▸ TASK PROMPT
With the pictures left aside, write out the entries that follow exactly.

Segment Start: GIVEN DATA

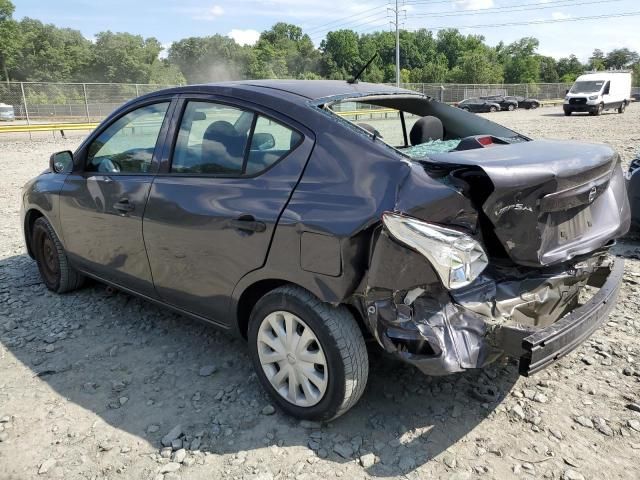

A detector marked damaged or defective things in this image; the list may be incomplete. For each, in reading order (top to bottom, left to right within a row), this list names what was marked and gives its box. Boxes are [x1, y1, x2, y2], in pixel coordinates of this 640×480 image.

damaged gray sedan [21, 81, 632, 420]
broken taillight [382, 213, 488, 288]
crumpled trunk lid [422, 140, 628, 266]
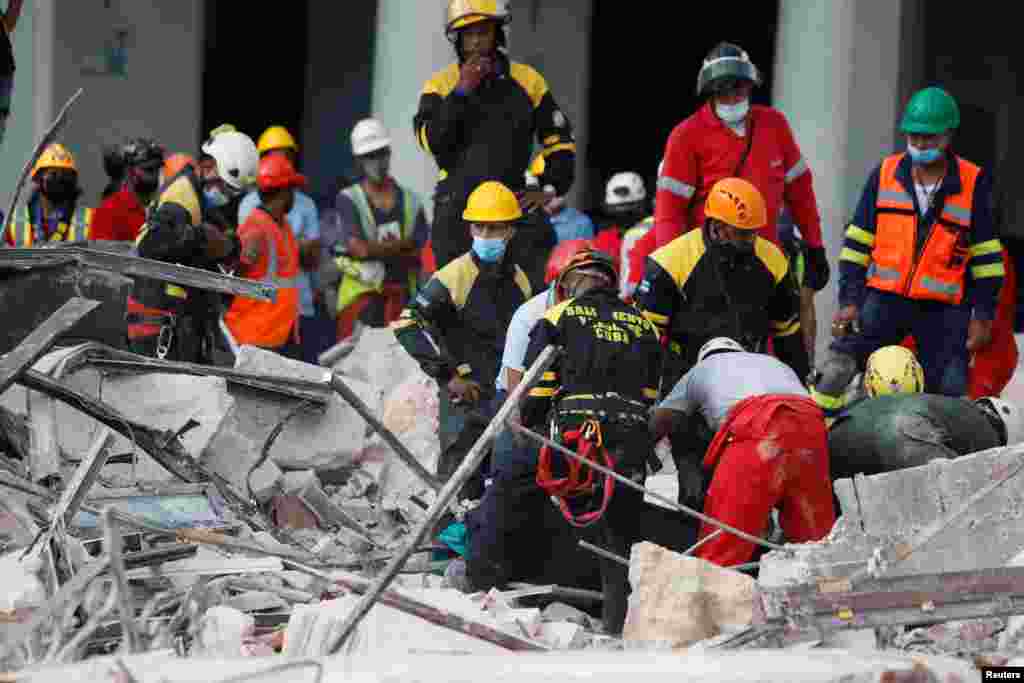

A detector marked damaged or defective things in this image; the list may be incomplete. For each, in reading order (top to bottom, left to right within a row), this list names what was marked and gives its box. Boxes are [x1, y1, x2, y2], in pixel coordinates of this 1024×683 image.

broken concrete slab [760, 444, 1024, 588]
broken concrete slab [620, 544, 756, 648]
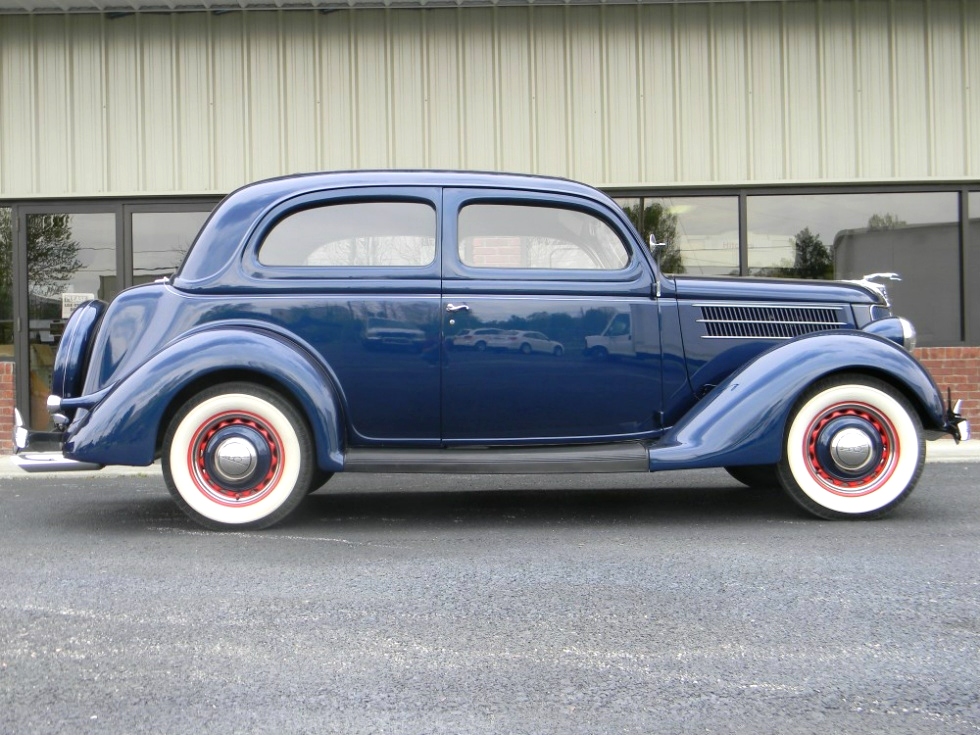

Segment End: GIVEN DATA

▸ EXERCISE RESULT
A detector marked damaged or defective things in this image; the list may be incomplete. For each, in reading order (top to bottom, left to right within a row), this list names what was marked and gives its box. Boxes are [x1, y1, x2, y2], in pixel coordinates of this 640×480 image.

damaged gray sedan [21, 81, 632, 420]
broken taillight [382, 213, 488, 288]
crumpled trunk lid [422, 140, 628, 266]

A detector marked damaged or defective things in this image; the list may be incomplete. For each, in reading order (top to bottom, left to right within a row), this list names what was marked and gives its box. Boxes are [x1, y1, x2, y2], in pixel coordinates of this 1024×683 image.

broken concrete slab [760, 444, 1024, 588]
broken concrete slab [620, 544, 756, 648]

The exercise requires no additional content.